Solved – the definition of one-sample Kolmogorov–Smirnov test

kolmogorov-smirnov testpythonstatistical significancetime series

I have a time series data set of photon arrival times from a detector and need to know whether the arrival time is uniform.It is a continuous distribution?

I have calculated the maximum $D$ between the normalized CDF of the photon arrival times. Then what should I do? There is a "$Pr(k\le x)$" in the Wiki link. What does it stand for in my question? Could somebody tell me the basic definition of ks-test?

In fact, I can calculate ks-test probability via scipy.stats.kstest. Does anybody know the meaning of args for a uniform distribution? And the two output values?

>>> stats.kstest(sample, 'uniform',args=(1,2,3,4,5,6)) 
(1.0, 0.0) 
>>> stats.kstest(sample, 'uniform',args=(0.1,0.2,0.3,0.4,0.5,0.6)) 
(1.0, 0.0) 
>>> stats.kstest(sample, 'uniform',args=(0.1,0.2)) 
(1.0, 0.0) 
>>> stats.kstest(sample, 'uniform',args=(1,2)) 
(0.98999999999999999, 0.0) 
>>> stats.kstest(sample, 'uniform',args=(1.1,2.1)) 
(0.98499999999999999, 0.0) 

about uniform
I think I should compare two cdf:the normalised real data and the cdf of a uniform distribution that the photons arrive uniformly.

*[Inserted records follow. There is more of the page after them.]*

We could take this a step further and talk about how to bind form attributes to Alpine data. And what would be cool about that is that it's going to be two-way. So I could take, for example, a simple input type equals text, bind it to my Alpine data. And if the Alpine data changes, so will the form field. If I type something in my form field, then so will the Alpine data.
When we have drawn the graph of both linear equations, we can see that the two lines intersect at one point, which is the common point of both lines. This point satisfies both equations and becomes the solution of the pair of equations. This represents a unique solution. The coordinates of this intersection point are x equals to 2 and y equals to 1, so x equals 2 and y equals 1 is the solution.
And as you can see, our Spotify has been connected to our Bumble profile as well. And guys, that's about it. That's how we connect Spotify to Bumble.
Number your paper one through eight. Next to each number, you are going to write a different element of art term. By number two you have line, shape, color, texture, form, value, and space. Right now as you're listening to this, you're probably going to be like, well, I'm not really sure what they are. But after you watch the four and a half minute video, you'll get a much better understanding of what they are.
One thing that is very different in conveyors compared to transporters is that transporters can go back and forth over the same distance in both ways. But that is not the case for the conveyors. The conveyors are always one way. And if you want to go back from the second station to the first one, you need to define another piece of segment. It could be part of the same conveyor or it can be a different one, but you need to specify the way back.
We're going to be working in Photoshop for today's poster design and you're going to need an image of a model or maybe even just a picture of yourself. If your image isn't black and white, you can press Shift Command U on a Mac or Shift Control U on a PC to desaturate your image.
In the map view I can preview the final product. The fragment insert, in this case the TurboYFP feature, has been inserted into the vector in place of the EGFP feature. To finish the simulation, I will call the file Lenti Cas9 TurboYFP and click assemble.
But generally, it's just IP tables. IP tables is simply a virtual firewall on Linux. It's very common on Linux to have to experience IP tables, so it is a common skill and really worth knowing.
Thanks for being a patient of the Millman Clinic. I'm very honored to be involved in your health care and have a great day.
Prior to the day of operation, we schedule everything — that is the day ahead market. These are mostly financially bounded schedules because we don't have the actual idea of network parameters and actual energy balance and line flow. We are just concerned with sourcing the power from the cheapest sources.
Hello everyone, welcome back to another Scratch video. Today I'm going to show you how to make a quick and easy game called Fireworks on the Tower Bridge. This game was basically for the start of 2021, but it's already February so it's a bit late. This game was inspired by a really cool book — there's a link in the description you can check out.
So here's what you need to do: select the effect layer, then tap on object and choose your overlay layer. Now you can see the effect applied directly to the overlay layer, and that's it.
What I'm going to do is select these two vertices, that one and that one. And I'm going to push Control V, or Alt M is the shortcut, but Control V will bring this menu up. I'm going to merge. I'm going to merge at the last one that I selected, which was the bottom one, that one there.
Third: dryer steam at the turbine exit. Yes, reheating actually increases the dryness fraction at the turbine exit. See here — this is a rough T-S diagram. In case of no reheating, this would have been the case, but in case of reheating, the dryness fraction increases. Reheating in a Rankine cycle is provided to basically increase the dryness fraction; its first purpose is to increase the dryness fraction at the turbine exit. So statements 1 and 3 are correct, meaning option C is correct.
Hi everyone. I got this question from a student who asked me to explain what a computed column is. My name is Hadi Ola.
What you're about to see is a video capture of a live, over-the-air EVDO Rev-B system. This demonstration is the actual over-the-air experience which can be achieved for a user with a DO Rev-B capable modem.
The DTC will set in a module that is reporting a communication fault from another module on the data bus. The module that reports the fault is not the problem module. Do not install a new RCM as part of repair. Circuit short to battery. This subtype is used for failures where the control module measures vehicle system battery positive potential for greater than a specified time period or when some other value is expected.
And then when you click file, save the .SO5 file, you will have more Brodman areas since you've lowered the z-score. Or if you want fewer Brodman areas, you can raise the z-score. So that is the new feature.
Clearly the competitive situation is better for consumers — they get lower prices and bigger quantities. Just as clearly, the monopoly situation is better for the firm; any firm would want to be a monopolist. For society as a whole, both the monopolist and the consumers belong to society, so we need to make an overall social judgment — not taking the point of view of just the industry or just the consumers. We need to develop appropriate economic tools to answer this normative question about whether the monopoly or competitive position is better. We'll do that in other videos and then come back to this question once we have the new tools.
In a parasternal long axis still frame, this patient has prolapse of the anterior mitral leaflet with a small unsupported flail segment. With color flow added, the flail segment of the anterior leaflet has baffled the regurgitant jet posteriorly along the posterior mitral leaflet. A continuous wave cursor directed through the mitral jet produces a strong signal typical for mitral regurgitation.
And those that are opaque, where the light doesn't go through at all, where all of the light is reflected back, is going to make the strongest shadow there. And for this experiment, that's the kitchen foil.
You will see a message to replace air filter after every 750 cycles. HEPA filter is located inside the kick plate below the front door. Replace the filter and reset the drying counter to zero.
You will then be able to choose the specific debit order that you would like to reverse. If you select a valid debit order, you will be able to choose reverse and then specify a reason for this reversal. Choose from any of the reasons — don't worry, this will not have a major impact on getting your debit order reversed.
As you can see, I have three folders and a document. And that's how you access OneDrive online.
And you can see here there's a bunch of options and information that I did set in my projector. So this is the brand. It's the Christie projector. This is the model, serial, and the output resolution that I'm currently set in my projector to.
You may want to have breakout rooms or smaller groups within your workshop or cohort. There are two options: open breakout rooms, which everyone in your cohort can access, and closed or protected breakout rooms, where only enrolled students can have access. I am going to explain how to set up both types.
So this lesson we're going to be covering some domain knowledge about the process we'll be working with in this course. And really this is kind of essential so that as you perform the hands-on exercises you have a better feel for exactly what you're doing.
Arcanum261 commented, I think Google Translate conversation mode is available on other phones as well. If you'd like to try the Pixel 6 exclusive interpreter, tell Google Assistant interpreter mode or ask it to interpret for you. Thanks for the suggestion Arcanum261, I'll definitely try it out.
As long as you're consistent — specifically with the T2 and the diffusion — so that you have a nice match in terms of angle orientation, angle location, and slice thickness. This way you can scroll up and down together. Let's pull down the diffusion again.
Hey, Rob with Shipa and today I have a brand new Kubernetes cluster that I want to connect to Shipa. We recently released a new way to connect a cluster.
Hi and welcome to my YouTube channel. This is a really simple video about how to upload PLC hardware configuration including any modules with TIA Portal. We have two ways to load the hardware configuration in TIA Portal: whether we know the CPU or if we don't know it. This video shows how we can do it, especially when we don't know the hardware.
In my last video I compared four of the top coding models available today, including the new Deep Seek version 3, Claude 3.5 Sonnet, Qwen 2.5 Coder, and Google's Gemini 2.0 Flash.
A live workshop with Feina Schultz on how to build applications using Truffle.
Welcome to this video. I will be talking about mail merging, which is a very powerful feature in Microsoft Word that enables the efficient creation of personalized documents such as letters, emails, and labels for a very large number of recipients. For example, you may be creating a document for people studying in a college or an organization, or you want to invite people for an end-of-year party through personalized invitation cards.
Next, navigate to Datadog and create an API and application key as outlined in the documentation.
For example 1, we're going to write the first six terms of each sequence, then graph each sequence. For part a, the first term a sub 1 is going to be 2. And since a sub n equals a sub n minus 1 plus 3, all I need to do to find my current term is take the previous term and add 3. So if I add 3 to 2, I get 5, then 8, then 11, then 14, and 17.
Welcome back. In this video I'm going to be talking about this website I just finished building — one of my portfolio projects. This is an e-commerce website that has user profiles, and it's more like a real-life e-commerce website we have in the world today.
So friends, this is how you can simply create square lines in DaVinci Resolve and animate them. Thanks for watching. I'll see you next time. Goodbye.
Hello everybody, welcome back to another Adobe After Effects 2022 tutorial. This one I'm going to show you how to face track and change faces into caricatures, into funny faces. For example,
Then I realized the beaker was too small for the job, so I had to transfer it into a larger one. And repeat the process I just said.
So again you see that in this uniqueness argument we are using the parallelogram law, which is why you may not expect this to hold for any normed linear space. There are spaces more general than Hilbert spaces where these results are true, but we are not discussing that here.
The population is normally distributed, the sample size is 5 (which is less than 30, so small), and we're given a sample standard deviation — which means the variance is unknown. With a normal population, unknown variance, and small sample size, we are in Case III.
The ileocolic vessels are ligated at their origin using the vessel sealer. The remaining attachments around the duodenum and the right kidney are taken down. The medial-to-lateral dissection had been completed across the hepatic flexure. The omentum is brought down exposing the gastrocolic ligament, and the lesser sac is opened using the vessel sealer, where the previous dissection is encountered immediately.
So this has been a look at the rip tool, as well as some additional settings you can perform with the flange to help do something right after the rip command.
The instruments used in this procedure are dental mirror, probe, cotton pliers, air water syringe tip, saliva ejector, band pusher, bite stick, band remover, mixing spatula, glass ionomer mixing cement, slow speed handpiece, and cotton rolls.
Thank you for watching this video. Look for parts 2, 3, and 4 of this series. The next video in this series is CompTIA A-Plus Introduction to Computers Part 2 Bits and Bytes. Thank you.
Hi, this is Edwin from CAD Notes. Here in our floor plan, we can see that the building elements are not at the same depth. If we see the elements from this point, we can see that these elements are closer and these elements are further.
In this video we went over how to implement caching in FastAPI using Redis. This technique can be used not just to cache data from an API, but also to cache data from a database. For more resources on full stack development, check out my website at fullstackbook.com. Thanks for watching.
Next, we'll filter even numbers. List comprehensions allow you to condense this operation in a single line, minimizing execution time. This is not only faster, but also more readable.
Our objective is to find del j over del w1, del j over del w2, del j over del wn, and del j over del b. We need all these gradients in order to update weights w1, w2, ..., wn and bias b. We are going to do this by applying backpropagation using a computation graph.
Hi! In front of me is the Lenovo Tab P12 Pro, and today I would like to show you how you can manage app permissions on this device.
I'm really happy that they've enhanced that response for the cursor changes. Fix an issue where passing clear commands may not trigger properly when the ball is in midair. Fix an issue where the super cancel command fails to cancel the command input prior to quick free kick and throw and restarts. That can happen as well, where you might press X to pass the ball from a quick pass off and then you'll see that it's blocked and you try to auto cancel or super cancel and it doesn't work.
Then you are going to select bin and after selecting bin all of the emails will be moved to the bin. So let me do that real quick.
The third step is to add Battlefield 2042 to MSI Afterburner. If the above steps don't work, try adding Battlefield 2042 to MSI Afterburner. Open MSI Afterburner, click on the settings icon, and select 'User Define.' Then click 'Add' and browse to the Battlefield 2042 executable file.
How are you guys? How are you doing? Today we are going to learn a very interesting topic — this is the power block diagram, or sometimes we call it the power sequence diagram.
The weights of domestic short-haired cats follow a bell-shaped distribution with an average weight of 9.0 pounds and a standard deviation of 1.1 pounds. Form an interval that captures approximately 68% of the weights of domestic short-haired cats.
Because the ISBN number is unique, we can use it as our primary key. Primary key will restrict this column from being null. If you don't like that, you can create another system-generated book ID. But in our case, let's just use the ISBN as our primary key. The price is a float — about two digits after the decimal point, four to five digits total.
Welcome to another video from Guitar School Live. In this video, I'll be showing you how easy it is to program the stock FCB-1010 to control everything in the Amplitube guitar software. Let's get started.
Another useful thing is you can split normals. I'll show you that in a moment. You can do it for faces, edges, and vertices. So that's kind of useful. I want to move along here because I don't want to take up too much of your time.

Please take a look at my plot.The green points are from real data.There are hundreds of green points.Every green point means an arrival of a new photon.x-axis is time and y-axis is normalised,in fact,it is the percent(cumulative arrival photons/total photon number).The red straight line stands for the cdf of uniform distribution.
stats.uniform picks random values every time.Is stats.uniform appropriate?
enter image description here

about ks-test
I took an image of the 2rd version Numerical Recipes in C.
What is the relation between 14.3.9 and wikipedia's Pr(k<=x)?Just an approximation,right?
The significance should be decided only by two values max(D) and sample size,right?
Pr(k<=x) is the cdf of D?How to define x?
I can not get a consistent result with stats.kstest().
You mean if I use the real time data which is not normalised,I should use two-sample ks-test,right?
NumerialRecipes2rdCh14

Best Answer

First, on the programing side, passing 'uniform' is essentially passing scipy.stats.uniform.cdf() to kstest. So whatever you have in args= will be passed scipy.stats.uniform.cdf() as parameters, which only takes two parameters, location and scale (see the document for detail). If you have more than two values in args=, the extra will simply ignored:

>>> a=np.random.random(10)
>>> stats.kstest(a, 'uniform', args=(0.5,1,3,4))
(0.303993262358352, 0.25725219759419549)
>>> stats.kstest(a, 'uniform', args=(0.5,1,300, 400)) #see how these two give same result
(0.303993262358352, 0.25725219759419549)

Second, since you already normalized CDF of the photon arrival times, it will make sense to do one-sample KS test against the standard uniform distribution. http://journals.ametsoc.org/doi/abs/10.1175/1520-0450%281975%29014%3C1600%3AANOTPM%3E2.0.CO%3B2 Basically what that paper says is that if If one or more parameters must be estimated from the sample, then $D$ no longer follows a Kolmogrov-Smirnov distribution and if you still the CDF of KS to get $P$ value from $D$, you will get wrong $P$. Also, I don't think it is correct apporach to generate a uniform distributed random variable and apply 2-sample KS test.

Third, the CDF of Kolmogrov-Smirnov distribution is given by: $\operatorname{Pr}(K\leq x)=1-2\sum_{k=1}^\infty (-1)^{k-1} e^{-2k^2 x^2}=\frac{\sqrt{2\pi}}{x}\sum_{k=1}^\infty e^{-(2k-1)^2\pi^2/(8x^2)}$ and this is how you can calculate $P$ from $D$. In scipy it is not provided by pure python code, but by a C extension.